§ **Record extracts**

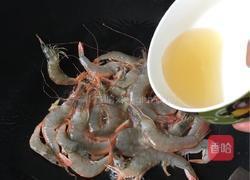 米酒虾的做法图解5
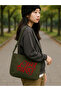 Lana Del Rey Khaki Canvas Messenger Bag, Laptop Bag, Street Style School Bag - 4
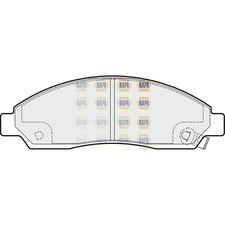 Brake Pads Set For Isuzu D-MAX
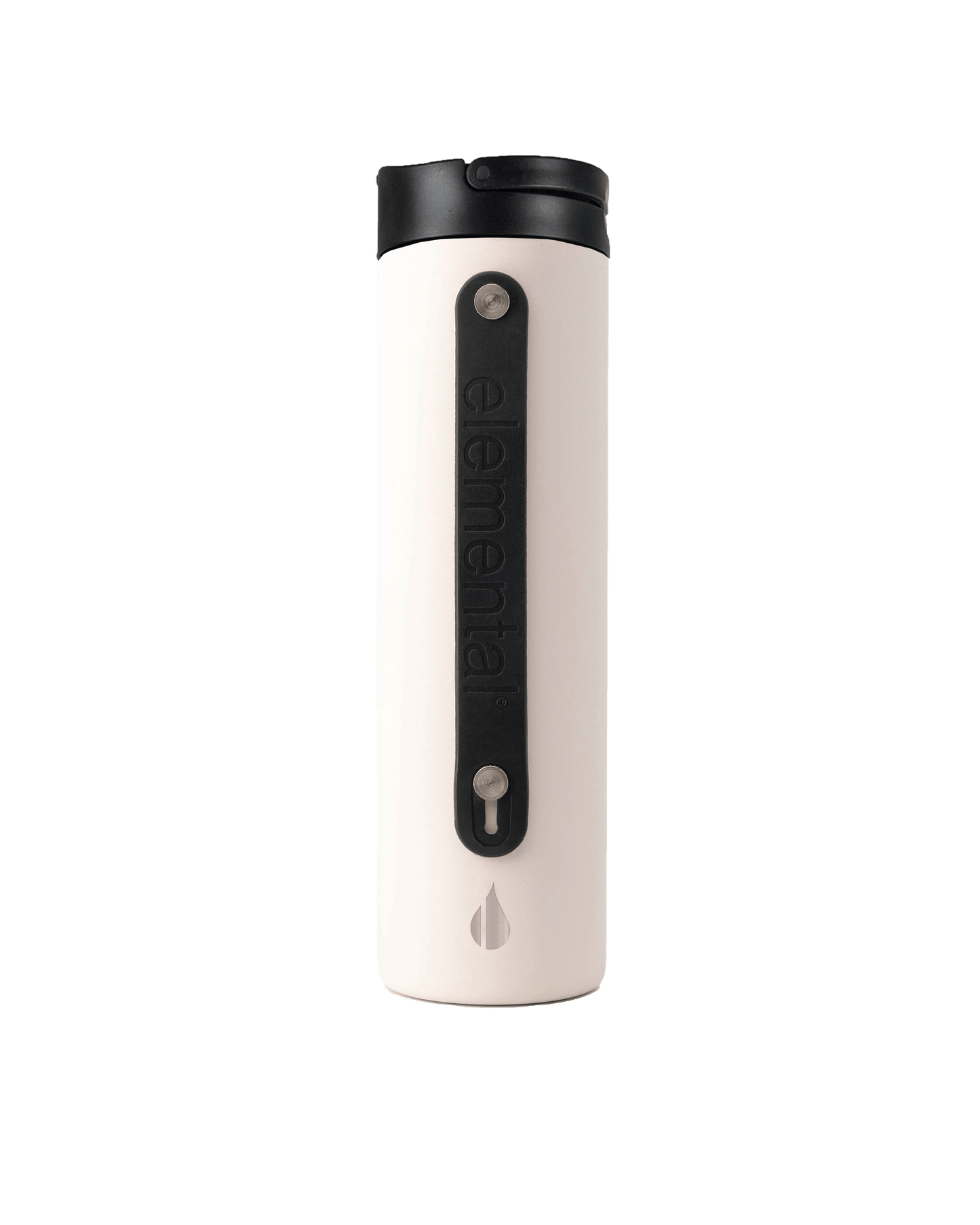 Iconic 20oz Sport Water Bottle - White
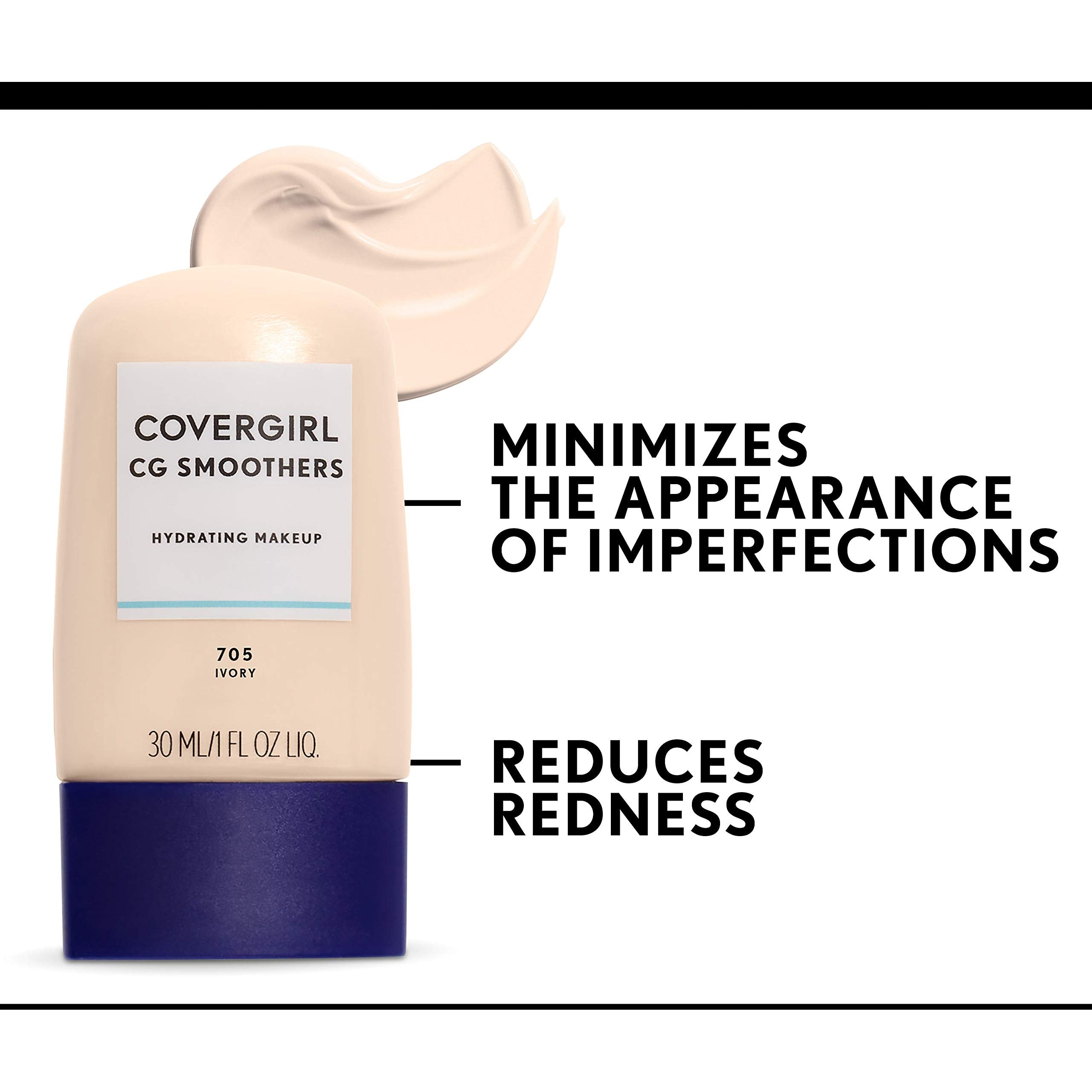 COVERGIRL Smoothers Hydrating Makeup Classic Beige, 1 oz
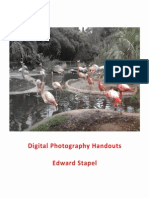 Digital Photo Handouts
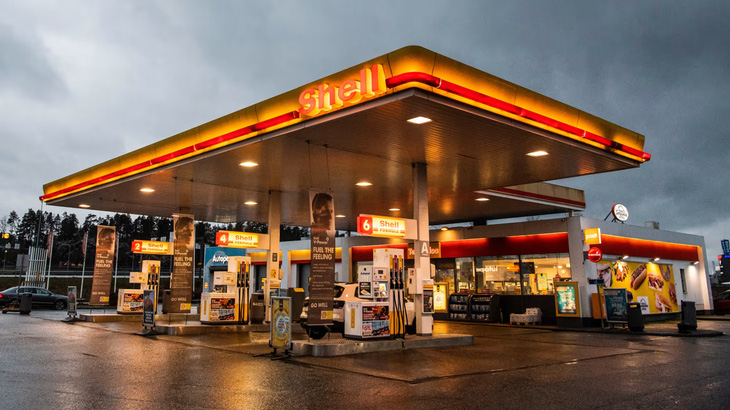 Trạm xăng sẽ được bỏ bớt - Ảnh: Shell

§ **Your goal**
Write out the entries again, word for word. No images.

§ **Expected answer**
 米酒虾的做法图解5
 Lana Del Rey Khaki Canvas Messenger Bag, Laptop Bag, Street Style School Bag - 4
 Brake Pads Set For Isuzu D-MAX
 Iconic 20oz Sport Water Bottle - White
 COVERGIRL Smoothers Hydrating Makeup Classic Beige, 1 oz
 Digital Photo Handouts
 Trạm xăng sẽ được bỏ bớt - Ảnh: Shell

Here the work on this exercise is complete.